In what features is this great power of Rust? Genuinely curious.
 
Aren't device drivers inherently not suitable for safe programming? Every time you write into device memory it is unsafe.

That's the half of job of driver, the kernel side can be safe, like managing buffers and such.
These so called memory safe languages promote separation of unsafe pieces from the rest of the codebase, so it can be given greater attention.
 
These so called memory safe languages promote separation of unsafe pieces from the rest of the codebase, so it can be given greater attention.
This would be best achieved by separation of used language with whether or not the part can be memory safe or not. Keeping mutually memory unsafe parts in C and/or asm, other to some memory safe languge, in source file level.

This way, any part written in memory safe language states that "not at all needed to look into on memory safety related bugs", and others states "needed to be aware if memory safety bugs are suspected".
If this is impossible, why memory safe languages needed to be introduced?
I.e., if *.rs is assured not at all needed to look into on memory safety related bugs, it would be worth considering Rust. If not, why consider Rust?
 
To the best of my knowledge no compiler does that automatically. In C and C++ you can do it by hand. It gets complex if you consider container classes such as C++ vectors. Vectors are guaranteed to be linear in memory, so just tiling a memset over one would work.
Oh, you would be surprised what can happen. Consider this:
Code:
dma->src = source;
dma->dst = dest;
dma->size = len;
Now, these registers are right next to each other in the address space. The compiler could figure out that invoking the load store unit 3 times is costly, so it might combine writes. Or reorder them.
Code:
move.l   d0,(a0)+
move.l   a3,(a0)+
move.l   a2,(a0)+
You see where this is going?
Code:
rlwimi r3,r4,32,32,0    // can't remember the syntax now, but this should shift r4 up 32 bit and place the 32 bits in it's lower part into the upper 32 in r3
stll      r3,xx(r5)          // write dest and len in one instruction

C/C++ compilers more or less treat memory as a volatile object, untill they can prove that this is not the case. What about rust?
And this gets even better when you realize that the code you feed into the CPU is not the code running because it is translated into micro ops and all the nice things can happen there as well, like removing stores from the pipeline if the next instruction writes to the same address. Your program won't notice, but the hardware will. Having these high level languages do the same as f.e. assembly is like using seven mile boots, it might hurt really bad when doing it wrong.
 
Once the memory crosses the FFI border, Rust will make sure Rust code doesn't screw it up.
Unfortunately Rust can't protect the data from being stripped out under it.

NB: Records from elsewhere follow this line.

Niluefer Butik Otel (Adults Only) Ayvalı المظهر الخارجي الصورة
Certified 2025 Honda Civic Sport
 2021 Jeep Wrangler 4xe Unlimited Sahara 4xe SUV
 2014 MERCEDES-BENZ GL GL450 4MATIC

Same with the difficulty of using C (or traditional C++) middleware with smart pointers. Unless Rust "owns" the memory, it can still only make (educated) guesses at its validity.

I.e imagine Rust has some Texture object but the OpenGL context gets wiped when the app gets paused (a very common process with Android). Rust will need to track the onResume event and reinitialize all of its textures. Without this manual work, Rust is effectively holding a bunch of dangling pointers. Yes, this OpenGL/Android design is shite but the computing platform is full of this kind of stuff.

(This is why Redox OS is very interesting (lifetime tracking from the lowest layers) whereas spamming Rust ontop of C in Linux or FreeBSD is less so).
 
Unfortunately Rust can't protect the data from being stripped out under it.
That's either not the driver writer's bug (and also would happen to any other language, so what's your point?) or an additional contract that the driver writer has to attend to (which also would happen to any other language).
 
That's either not the driver writer's bug (and also would happen to any other language, so what's your point?) or an additional contract that the driver writer has to attend to (which also would happen to any other language).
Yes and no. Do you have the constructs in a language to stop the code from using these pointers behind your back while you still figure out if they are valid?